The mudras of hatha yoga
We find the first written records of the mudras of Hatha Yoga in the Hatha Yoga Pradipika (Pradipikal means the "little lamp of yoga") and in the Gheranda Samita (the collected teachings of the sage Gheranda). Ten mudras are discussed in the first work and 15 more in the second, making a total of 25 mudras. According to these writings, the effects of the mudras extend from healing everyday complaints to maintaining youthful freshness at a ripe old age, to even determining one's own day of death. However, many yoga masters think that these promises should not be taken too literally. They say these are superficial explanations for non-initiates. The deeper aspects of the mudras are only revealed to those who seriously practice them through the guidance of a teacher.

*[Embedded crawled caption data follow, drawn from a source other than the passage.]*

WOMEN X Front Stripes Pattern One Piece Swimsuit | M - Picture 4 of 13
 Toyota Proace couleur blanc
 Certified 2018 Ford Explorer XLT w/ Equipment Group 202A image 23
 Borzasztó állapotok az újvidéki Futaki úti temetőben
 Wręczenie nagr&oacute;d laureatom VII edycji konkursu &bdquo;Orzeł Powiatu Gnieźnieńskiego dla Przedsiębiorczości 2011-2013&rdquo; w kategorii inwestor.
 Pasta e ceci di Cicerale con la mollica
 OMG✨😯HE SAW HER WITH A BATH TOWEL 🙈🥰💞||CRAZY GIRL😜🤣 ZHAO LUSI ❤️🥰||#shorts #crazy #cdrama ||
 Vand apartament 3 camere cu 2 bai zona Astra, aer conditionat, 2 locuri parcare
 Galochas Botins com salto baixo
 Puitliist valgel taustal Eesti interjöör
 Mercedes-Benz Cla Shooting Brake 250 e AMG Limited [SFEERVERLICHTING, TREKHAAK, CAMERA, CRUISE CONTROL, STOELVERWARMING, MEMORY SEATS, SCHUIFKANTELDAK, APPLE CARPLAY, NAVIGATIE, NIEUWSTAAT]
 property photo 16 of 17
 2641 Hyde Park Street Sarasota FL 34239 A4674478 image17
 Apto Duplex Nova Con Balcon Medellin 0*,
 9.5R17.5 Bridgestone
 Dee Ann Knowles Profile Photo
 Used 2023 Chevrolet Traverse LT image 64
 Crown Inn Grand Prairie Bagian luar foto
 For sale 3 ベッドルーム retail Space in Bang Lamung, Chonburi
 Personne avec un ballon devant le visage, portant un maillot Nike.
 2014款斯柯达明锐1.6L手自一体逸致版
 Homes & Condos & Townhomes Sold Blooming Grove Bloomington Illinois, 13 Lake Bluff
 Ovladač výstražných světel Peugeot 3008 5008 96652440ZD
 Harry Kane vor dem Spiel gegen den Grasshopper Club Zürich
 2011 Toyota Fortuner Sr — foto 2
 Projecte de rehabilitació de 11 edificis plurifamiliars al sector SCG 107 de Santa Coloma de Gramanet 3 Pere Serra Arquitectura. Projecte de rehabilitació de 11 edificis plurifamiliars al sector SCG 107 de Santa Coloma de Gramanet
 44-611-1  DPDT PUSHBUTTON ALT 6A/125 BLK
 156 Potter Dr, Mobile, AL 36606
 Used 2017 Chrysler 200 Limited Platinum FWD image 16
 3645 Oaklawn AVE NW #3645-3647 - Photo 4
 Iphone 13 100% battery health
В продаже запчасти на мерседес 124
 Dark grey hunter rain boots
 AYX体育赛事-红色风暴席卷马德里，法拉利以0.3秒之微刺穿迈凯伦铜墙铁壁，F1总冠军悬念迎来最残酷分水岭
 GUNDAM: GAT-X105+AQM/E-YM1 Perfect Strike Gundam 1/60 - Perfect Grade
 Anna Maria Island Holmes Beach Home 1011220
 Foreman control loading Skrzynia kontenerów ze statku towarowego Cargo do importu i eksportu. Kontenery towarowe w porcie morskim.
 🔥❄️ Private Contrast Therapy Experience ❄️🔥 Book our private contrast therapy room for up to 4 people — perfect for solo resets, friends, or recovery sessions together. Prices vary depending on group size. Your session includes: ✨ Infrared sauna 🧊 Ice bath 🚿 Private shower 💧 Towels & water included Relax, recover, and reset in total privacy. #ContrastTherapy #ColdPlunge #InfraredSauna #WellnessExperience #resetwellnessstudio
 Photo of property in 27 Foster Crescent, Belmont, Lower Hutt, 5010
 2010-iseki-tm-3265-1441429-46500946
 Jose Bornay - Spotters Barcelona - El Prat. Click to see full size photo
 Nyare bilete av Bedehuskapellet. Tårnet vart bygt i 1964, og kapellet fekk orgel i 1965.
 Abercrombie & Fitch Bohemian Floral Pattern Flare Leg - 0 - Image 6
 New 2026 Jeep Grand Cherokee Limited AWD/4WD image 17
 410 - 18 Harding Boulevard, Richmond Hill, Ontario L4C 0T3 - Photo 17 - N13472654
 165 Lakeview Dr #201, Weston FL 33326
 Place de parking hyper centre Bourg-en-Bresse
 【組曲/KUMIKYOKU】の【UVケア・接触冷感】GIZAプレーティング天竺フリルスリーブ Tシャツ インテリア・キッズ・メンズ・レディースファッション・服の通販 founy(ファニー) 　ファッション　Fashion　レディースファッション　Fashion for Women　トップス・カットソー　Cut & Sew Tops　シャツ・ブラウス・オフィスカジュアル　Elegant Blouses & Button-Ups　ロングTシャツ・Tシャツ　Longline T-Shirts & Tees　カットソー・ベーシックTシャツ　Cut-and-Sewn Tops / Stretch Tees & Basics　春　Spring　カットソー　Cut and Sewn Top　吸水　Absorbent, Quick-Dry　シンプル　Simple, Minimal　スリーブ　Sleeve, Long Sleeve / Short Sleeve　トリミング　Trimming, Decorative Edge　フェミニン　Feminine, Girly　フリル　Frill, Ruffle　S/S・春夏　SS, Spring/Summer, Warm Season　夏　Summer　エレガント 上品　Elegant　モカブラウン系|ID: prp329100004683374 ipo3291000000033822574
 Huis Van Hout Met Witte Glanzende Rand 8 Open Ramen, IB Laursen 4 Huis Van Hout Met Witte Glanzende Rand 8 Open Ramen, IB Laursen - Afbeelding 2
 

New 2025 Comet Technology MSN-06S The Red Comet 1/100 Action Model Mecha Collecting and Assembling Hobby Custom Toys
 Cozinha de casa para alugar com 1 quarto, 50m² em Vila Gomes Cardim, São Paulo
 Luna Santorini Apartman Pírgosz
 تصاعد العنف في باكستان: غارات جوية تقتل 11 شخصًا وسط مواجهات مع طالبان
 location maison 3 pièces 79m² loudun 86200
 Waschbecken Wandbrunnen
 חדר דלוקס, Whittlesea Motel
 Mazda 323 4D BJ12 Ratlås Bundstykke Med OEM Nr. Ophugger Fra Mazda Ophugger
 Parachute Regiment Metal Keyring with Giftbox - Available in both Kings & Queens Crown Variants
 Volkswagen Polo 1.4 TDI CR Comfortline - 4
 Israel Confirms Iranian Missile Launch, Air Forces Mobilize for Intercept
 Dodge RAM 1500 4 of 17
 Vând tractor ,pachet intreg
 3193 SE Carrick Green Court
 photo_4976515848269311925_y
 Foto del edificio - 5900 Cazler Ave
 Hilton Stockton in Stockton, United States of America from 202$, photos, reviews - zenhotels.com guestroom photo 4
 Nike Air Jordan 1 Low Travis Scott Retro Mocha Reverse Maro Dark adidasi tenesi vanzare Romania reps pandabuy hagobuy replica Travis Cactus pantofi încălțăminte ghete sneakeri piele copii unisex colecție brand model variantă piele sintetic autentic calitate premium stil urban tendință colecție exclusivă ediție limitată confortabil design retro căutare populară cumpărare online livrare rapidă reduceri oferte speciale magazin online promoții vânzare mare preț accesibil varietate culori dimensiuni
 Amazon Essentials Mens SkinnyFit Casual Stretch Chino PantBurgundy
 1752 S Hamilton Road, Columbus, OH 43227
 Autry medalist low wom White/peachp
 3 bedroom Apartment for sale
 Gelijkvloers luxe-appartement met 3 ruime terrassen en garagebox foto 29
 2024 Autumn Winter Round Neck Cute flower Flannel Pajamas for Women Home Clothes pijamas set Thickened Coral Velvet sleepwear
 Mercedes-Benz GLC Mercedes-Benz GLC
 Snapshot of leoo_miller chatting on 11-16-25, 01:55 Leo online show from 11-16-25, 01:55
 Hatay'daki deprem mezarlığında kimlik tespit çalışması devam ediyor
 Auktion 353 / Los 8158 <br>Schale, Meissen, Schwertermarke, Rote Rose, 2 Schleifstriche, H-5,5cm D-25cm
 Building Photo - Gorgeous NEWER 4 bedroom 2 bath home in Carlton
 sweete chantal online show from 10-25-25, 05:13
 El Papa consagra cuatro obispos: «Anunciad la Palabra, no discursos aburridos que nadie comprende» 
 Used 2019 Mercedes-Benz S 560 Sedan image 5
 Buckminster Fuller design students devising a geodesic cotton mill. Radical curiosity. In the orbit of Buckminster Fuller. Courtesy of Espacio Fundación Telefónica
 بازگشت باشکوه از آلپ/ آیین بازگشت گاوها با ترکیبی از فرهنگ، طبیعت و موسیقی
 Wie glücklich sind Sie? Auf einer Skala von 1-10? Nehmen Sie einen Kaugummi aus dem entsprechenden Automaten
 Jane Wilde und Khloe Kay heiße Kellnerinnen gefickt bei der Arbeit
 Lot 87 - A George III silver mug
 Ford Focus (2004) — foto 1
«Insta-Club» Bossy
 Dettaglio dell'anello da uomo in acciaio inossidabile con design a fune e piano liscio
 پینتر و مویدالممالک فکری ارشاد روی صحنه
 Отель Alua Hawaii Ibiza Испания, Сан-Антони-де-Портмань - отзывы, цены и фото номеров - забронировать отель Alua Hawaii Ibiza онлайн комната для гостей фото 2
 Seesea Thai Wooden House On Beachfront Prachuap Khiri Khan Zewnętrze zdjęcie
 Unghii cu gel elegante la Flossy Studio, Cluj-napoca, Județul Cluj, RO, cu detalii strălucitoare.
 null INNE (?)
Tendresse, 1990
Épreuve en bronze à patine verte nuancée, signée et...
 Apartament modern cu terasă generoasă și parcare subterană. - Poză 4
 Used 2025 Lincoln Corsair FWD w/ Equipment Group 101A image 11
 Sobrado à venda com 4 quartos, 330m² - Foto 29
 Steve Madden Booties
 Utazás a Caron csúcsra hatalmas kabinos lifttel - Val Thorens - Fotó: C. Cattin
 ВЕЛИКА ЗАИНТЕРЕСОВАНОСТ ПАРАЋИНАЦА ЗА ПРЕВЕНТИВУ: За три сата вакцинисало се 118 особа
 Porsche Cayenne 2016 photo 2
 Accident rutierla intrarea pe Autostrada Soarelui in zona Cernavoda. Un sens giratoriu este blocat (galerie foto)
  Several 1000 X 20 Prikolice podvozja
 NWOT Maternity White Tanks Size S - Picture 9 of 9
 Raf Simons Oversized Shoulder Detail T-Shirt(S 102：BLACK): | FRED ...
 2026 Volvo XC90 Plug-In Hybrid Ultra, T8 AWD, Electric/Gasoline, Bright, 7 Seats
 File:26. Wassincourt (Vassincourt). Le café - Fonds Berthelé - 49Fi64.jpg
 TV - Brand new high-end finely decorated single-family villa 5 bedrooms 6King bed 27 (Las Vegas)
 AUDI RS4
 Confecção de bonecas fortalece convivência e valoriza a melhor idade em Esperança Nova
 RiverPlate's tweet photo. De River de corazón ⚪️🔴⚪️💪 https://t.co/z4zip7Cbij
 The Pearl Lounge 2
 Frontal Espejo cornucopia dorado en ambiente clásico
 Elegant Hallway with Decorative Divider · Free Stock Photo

Classical mudras are mainly used for awakening kundalini, experiencing states of expanded consciousness, or achieving enlightenment. Since such practices are like a tightrope walk and accordingly dangerous, they can only be learned with an experienced teacher. The way in which I use the mudras in daily life and present them here, they primarily serve the health of body, mind, and soul. This is reason enough for me to practice them.
Swami Satyananda Saraswati, a recognized Hindu yoga master, was the first to describe them so that even we normal mortals can do them. He also gives the advice of practicing the mudras in combination with body postures (asanas) and breathing exercises (pranayamas) since this will considerably intensify the body and breathing work. Mudras are also the ideal preparation for meditation. Today, other directions such as Power Yoga and Kundalini Yoga, agree with his opinion.